# Activity
Among the entries below, how many lines include "pullovers"? Give the number alone.

# Records for this exercise
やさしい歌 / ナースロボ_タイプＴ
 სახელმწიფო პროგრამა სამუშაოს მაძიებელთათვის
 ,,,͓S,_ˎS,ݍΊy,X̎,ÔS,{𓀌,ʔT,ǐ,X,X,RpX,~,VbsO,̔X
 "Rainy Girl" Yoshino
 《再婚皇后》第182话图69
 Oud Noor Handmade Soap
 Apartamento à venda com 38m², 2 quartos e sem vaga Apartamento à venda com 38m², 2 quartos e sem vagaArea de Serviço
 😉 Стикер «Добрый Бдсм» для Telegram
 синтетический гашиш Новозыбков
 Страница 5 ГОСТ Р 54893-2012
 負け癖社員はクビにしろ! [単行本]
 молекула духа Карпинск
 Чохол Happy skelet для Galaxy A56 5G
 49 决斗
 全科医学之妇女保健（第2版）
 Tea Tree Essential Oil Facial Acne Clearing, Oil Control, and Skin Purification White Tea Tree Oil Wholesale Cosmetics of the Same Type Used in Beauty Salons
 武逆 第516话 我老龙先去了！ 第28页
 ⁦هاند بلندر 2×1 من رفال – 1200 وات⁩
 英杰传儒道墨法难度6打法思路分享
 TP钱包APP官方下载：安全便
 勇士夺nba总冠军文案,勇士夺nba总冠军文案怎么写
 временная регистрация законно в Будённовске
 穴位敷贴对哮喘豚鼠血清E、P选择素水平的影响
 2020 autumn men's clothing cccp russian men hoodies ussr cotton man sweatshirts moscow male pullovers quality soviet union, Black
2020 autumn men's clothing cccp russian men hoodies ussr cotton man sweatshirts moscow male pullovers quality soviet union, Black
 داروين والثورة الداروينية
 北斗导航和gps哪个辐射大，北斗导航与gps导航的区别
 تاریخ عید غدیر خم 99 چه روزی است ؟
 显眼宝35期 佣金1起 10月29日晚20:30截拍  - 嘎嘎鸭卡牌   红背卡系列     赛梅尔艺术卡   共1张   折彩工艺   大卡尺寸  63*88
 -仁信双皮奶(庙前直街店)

# Answer for this exercise
2